### Task item
Each record must appear in your answer exactly as it does below.

- - -

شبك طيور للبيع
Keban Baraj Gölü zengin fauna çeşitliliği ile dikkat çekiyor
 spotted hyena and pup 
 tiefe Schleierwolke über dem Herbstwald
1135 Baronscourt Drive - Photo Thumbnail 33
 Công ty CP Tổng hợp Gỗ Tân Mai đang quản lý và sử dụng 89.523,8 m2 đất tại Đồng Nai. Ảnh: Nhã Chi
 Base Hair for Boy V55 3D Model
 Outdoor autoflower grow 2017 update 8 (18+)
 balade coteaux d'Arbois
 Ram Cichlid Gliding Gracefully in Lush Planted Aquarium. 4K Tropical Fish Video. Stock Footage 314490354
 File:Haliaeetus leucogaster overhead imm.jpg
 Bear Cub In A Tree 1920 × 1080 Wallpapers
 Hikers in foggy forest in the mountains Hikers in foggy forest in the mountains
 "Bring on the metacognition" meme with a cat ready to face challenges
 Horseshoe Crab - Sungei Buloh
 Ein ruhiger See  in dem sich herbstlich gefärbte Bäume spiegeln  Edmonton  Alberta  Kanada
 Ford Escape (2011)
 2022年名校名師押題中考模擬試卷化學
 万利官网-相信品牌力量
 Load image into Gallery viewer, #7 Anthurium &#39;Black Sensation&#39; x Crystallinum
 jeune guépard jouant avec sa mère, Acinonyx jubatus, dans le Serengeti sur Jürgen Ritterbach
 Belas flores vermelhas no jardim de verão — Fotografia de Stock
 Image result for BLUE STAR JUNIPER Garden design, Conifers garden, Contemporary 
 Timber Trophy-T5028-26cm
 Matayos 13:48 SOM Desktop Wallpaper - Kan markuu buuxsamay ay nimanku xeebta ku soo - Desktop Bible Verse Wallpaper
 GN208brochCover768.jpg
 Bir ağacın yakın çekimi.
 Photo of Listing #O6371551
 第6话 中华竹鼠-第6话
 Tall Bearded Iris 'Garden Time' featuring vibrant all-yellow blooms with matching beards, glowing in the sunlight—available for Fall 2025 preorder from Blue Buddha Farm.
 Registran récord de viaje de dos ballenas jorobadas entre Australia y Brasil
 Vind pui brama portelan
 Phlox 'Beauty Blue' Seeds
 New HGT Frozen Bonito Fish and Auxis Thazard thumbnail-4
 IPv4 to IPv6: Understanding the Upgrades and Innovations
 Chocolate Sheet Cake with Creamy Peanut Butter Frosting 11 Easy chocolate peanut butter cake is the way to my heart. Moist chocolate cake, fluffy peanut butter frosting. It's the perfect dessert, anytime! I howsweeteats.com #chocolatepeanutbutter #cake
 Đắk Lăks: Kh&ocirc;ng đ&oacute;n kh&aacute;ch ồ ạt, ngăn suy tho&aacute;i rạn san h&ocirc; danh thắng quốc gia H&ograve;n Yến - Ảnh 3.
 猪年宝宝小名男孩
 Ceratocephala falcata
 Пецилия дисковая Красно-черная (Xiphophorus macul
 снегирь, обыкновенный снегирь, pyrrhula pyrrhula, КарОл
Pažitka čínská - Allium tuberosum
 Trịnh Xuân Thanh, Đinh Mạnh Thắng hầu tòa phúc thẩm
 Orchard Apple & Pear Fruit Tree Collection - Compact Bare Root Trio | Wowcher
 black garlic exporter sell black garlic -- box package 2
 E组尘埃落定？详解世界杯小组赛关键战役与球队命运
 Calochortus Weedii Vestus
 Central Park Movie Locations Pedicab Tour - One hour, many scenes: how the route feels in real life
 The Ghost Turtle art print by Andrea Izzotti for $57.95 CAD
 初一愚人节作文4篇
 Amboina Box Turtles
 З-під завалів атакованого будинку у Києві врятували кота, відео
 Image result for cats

- - -

### Result of the task
شبك طيور للبيع
Keban Baraj Gölü zengin fauna çeşitliliği ile dikkat çekiyor
 spotted hyena and pup 
 tiefe Schleierwolke über dem Herbstwald
1135 Baronscourt Drive - Photo Thumbnail 33
 Công ty CP Tổng hợp Gỗ Tân Mai đang quản lý và sử dụng 89.523,8 m2 đất tại Đồng Nai. Ảnh: Nhã Chi
 Base Hair for Boy V55 3D Model
 Outdoor autoflower grow 2017 update 8 (18+)
 balade coteaux d'Arbois
 Ram Cichlid Gliding Gracefully in Lush Planted Aquarium. 4K Tropical Fish Video. Stock Footage 314490354
 File:Haliaeetus leucogaster overhead imm.jpg
 Bear Cub In A Tree 1920 × 1080 Wallpapers
 Hikers in foggy forest in the mountains Hikers in foggy forest in the mountains
 "Bring on the metacognition" meme with a cat ready to face challenges
 Horseshoe Crab - Sungei Buloh
 Ein ruhiger See  in dem sich herbstlich gefärbte Bäume spiegeln  Edmonton  Alberta  Kanada
 Ford Escape (2011)
 2022年名校名師押題中考模擬試卷化學
 万利官网-相信品牌力量
 Load image into Gallery viewer, #7 Anthurium &#39;Black Sensation&#39; x Crystallinum
 jeune guépard jouant avec sa mère, Acinonyx jubatus, dans le Serengeti sur Jürgen Ritterbach
 Belas flores vermelhas no jardim de verão — Fotografia de Stock
 Image result for BLUE STAR JUNIPER Garden design, Conifers garden, Contemporary 
 Timber Trophy-T5028-26cm
 Matayos 13:48 SOM Desktop Wallpaper - Kan markuu buuxsamay ay nimanku xeebta ku soo - Desktop Bible Verse Wallpaper
 GN208brochCover768.jpg
 Bir ağacın yakın çekimi.
 Photo of Listing #O6371551
 第6话 中华竹鼠-第6话
 Tall Bearded Iris 'Garden Time' featuring vibrant all-yellow blooms with matching beards, glowing in the sunlight—available for Fall 2025 preorder from Blue Buddha Farm.
 Registran récord de viaje de dos ballenas jorobadas entre Australia y Brasil
 Vind pui brama portelan
 Phlox 'Beauty Blue' Seeds
 New HGT Frozen Bonito Fish and Auxis Thazard thumbnail-4
 IPv4 to IPv6: Understanding the Upgrades and Innovations
 Chocolate Sheet Cake with Creamy Peanut Butter Frosting 11 Easy chocolate peanut butter cake is the way to my heart. Moist chocolate cake, fluffy peanut butter frosting. It's the perfect dessert, anytime! I howsweeteats.com #chocolatepeanutbutter #cake
 Đắk Lăks: Kh&ocirc;ng đ&oacute;n kh&aacute;ch ồ ạt, ngăn suy tho&aacute;i rạn san h&ocirc; danh thắng quốc gia H&ograve;n Yến - Ảnh 3.
 猪年宝宝小名男孩
 Ceratocephala falcata
 Пецилия дисковая Красно-черная (Xiphophorus macul
 снегирь, обыкновенный снегирь, pyrrhula pyrrhula, КарОл
Pažitka čínská - Allium tuberosum
 Trịnh Xuân Thanh, Đinh Mạnh Thắng hầu tòa phúc thẩm
 Orchard Apple & Pear Fruit Tree Collection - Compact Bare Root Trio | Wowcher
 black garlic exporter sell black garlic -- box package 2
 E组尘埃落定？详解世界杯小组赛关键战役与球队命运
 Calochortus Weedii Vestus
 Central Park Movie Locations Pedicab Tour - One hour, many scenes: how the route feels in real life
 The Ghost Turtle art print by Andrea Izzotti for $57.95 CAD
 初一愚人节作文4篇
 Amboina Box Turtles
 З-під завалів атакованого будинку у Києві врятували кота, відео
 Image result for cats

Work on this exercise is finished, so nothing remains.